If we accept the premise that “fee-for-value” will be the new reimbursement model for public and private payers, then we must also accept the fact that, in order to be successful in this environment, hospitals and physicians will need to develop a collaborative culture. The care process will need to be refined to eliminate costly inefficiencies, and quality benchmarks will be needed to monitor overall performance.

For many, that reality is far different from their current environment. The question is, “how do you get from where you are to where you need to be”? Perhaps an even better question might be, “if you don’t know where you’re going, how do you know when you get there”?
Many hospitals are employing physicians due to a reaction to competitive pressures, practice purchase requests from community physicians, as a strategy to attract critical specialties, or a combination of all three. As employment has grown however, so have per-physician losses.

Many hospitals are losing $200,000 or more on a per-physician basis. As hospital margins shrink, managing these losses will become more critical. Can you meet the challenges of a changing market and still remain financially sound? Yes, but it may require an approach that is different from what worked in the past.
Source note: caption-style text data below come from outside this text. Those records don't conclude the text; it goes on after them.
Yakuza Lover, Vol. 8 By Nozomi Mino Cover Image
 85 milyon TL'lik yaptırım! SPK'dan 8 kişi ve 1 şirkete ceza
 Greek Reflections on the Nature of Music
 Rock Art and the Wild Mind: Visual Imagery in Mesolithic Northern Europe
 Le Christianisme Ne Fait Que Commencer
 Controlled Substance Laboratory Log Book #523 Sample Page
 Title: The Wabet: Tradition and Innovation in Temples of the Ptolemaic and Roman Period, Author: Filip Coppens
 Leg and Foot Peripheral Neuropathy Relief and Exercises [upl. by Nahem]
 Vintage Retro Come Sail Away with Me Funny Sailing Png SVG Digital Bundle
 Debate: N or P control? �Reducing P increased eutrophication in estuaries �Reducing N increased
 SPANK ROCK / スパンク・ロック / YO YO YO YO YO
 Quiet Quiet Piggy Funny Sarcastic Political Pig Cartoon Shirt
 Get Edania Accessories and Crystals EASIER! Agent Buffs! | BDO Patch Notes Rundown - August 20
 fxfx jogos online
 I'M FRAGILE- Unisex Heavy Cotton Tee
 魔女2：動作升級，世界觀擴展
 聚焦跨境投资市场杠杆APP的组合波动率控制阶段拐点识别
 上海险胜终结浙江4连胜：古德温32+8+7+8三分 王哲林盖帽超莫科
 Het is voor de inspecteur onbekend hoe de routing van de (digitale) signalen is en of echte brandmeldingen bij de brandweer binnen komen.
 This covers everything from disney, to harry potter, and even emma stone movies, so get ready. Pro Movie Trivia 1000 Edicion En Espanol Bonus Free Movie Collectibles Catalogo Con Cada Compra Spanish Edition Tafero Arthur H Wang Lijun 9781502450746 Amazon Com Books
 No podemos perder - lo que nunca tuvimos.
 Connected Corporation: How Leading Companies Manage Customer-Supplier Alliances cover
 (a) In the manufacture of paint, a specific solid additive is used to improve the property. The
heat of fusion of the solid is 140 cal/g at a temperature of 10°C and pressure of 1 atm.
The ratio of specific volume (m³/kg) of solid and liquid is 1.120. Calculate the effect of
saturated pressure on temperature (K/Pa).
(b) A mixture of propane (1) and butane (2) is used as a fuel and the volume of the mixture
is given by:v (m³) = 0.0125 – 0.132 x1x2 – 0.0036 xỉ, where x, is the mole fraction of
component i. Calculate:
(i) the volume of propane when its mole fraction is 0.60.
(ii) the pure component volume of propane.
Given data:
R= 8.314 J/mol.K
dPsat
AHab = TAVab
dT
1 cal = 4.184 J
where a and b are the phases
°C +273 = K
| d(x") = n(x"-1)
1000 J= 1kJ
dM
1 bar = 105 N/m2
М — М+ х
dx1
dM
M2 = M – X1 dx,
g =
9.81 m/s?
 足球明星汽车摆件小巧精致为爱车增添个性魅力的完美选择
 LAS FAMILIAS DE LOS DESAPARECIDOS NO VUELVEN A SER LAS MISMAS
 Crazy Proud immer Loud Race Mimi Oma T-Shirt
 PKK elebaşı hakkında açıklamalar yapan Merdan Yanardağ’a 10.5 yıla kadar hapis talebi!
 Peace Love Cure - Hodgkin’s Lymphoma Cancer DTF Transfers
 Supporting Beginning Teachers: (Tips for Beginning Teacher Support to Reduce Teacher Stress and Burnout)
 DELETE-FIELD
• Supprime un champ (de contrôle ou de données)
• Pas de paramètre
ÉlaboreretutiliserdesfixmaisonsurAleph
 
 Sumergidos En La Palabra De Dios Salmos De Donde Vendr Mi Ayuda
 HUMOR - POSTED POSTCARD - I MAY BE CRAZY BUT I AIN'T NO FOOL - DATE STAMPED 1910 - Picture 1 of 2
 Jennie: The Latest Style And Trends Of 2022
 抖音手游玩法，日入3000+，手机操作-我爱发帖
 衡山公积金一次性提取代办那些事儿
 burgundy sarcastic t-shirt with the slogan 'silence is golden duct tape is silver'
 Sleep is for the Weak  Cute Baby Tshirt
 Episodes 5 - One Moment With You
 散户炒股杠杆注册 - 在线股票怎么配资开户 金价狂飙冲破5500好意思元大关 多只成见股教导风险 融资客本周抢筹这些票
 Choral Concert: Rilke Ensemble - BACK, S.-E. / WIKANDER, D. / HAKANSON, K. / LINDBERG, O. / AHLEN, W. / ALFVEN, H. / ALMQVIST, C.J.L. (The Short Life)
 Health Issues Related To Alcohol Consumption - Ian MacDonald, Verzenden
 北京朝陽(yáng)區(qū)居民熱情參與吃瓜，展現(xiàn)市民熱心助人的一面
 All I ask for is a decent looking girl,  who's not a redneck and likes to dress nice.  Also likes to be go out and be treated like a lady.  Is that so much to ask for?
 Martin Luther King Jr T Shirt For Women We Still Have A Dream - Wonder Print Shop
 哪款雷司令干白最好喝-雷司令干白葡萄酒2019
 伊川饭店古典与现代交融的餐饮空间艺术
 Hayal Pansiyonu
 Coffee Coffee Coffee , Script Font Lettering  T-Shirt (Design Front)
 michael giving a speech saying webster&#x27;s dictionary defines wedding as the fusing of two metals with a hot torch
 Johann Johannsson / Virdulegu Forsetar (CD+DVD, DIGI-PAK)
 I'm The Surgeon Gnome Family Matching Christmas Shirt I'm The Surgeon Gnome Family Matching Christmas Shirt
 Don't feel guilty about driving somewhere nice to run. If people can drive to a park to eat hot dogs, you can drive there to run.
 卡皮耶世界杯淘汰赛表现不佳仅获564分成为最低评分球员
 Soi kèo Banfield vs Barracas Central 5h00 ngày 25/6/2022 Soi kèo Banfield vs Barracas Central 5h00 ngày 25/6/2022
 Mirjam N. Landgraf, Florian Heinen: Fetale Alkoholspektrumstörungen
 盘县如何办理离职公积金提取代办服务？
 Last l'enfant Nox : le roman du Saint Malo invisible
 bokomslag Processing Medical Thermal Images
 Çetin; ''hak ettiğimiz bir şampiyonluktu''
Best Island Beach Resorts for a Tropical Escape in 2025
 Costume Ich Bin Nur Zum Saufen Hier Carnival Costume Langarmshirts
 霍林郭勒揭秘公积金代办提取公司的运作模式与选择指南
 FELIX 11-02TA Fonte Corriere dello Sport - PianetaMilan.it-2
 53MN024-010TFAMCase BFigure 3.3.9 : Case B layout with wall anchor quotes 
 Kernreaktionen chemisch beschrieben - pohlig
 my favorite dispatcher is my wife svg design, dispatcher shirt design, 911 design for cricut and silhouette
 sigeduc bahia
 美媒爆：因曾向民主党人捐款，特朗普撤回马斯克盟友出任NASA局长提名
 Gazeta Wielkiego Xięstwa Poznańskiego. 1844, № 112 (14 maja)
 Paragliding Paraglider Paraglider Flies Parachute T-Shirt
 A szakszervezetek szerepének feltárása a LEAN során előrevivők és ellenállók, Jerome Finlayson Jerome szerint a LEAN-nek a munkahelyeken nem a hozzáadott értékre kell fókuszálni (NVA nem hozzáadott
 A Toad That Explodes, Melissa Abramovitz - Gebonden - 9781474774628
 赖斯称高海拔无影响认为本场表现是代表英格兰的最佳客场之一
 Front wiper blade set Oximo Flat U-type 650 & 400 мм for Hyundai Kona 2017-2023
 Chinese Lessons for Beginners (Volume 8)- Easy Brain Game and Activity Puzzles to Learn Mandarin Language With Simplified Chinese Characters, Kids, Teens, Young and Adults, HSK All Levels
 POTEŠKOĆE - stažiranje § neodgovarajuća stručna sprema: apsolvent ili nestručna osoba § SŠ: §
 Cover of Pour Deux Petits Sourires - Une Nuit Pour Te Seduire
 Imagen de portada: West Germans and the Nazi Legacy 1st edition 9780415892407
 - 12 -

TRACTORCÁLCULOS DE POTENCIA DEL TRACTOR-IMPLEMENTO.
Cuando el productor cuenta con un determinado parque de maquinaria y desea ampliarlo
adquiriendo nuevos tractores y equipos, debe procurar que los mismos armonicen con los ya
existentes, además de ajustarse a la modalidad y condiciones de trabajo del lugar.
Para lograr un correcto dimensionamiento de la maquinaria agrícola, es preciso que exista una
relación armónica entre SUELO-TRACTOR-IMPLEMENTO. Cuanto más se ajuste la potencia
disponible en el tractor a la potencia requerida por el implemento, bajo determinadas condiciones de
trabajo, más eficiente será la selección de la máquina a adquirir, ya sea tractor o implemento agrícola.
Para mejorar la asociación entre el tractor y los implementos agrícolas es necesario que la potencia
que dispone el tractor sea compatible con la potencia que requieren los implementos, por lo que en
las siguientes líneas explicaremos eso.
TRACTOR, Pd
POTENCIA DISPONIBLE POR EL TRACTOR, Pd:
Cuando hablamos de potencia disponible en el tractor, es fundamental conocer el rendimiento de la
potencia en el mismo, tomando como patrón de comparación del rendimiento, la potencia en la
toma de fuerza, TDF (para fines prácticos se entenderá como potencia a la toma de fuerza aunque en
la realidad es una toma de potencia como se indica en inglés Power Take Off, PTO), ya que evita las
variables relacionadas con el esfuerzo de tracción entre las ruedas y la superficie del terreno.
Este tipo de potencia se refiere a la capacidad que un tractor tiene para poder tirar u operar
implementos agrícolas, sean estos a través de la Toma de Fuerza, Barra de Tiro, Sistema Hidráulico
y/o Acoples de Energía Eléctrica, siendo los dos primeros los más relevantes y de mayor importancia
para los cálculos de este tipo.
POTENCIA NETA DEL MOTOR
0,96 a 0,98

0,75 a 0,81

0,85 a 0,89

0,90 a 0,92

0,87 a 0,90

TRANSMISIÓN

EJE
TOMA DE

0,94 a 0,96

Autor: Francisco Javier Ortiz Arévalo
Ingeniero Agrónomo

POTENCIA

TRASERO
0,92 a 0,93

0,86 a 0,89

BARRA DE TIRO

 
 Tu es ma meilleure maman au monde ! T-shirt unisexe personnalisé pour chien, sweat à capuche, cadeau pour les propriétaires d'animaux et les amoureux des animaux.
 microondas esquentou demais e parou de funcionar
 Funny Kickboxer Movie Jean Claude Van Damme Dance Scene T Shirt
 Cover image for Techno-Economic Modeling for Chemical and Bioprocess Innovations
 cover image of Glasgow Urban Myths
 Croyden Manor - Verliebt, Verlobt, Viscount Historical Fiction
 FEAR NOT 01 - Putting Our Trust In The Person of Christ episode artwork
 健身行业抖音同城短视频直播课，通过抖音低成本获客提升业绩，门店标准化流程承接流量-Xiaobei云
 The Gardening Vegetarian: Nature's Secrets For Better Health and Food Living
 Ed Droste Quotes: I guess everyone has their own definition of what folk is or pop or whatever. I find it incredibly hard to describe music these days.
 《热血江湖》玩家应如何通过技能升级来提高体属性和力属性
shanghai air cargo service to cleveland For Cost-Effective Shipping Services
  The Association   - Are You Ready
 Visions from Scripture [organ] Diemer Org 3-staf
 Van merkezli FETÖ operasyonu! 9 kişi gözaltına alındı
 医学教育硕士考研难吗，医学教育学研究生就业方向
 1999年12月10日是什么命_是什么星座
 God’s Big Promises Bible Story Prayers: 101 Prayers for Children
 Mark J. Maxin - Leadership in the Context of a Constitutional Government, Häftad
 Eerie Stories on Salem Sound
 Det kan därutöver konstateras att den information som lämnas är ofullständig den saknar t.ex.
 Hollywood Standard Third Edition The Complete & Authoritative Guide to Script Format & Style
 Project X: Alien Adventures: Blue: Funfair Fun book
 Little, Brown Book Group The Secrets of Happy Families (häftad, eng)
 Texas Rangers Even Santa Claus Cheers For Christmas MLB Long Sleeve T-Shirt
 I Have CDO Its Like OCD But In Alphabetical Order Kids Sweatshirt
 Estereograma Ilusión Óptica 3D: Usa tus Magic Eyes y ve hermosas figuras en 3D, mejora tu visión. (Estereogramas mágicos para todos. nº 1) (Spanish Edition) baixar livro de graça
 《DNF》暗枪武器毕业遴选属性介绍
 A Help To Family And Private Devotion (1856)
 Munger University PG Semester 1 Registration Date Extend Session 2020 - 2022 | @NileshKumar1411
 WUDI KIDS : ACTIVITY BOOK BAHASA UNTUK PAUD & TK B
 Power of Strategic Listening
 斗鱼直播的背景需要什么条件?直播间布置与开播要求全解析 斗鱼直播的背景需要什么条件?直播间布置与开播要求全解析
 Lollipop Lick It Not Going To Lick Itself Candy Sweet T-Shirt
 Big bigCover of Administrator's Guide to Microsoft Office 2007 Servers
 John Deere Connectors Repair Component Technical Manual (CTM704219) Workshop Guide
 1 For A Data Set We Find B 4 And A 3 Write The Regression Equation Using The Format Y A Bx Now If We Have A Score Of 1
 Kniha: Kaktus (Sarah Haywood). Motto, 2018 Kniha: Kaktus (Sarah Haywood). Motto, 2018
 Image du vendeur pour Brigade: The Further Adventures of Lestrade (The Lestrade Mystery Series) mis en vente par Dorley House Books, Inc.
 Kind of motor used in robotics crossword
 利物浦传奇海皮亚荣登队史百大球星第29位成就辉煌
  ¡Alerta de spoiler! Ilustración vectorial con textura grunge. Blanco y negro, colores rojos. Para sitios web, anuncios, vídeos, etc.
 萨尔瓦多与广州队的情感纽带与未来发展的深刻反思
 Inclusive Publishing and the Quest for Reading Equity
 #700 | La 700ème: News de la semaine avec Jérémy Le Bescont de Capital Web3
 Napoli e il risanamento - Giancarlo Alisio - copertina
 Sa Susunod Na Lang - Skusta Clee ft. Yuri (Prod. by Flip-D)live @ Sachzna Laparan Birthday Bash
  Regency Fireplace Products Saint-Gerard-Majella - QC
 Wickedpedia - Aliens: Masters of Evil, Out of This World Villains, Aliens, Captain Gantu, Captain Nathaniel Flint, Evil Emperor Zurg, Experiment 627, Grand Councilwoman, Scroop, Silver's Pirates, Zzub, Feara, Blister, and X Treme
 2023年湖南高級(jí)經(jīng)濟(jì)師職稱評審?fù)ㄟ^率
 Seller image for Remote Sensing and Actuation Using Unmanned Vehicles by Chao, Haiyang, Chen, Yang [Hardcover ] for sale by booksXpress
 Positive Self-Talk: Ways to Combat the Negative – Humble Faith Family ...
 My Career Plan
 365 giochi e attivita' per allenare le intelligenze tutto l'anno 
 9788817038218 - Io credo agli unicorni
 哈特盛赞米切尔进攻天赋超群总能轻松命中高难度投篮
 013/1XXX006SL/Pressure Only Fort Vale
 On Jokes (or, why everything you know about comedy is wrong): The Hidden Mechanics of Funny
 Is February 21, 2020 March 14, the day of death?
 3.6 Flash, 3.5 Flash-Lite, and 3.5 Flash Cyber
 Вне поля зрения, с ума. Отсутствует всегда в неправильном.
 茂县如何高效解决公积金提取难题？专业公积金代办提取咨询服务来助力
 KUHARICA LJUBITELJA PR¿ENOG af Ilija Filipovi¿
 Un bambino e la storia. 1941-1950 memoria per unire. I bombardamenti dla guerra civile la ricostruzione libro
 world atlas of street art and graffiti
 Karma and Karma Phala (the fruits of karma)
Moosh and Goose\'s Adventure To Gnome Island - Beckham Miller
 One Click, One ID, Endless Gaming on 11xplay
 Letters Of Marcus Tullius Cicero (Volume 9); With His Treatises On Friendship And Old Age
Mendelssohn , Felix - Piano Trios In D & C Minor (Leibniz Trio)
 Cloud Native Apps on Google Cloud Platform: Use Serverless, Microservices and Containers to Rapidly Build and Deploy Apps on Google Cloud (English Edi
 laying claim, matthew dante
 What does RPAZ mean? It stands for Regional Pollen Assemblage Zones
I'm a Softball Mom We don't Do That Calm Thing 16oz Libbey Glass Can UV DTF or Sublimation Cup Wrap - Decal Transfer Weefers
Step One: Strategic Vision
Many of our clients have developed an extensive physician network before defining a strategic vision and as a result, have had to make some difficult decisions as they restructure. It is best to invest the time and plan now, rather than be forced to do so later.
As part of this process, each hospital must decide why it is in the physician business and what measures it will use to evaluate success. There is no common measure that all can use. If physicians are needed to meet patient demand for scarce services, the practices should operate at, or close to, break-even. Key specialists or primary care physicians at the edges of the service area may meet strategic imperatives and, as a result, a financial subsidy may be justified. If you are pursuing a “value” relationship with a payor, then the right physicians may be more important than the right number of physicians. Regardless, your physician integration strategy should support and be consistent with hospital goals and objectives.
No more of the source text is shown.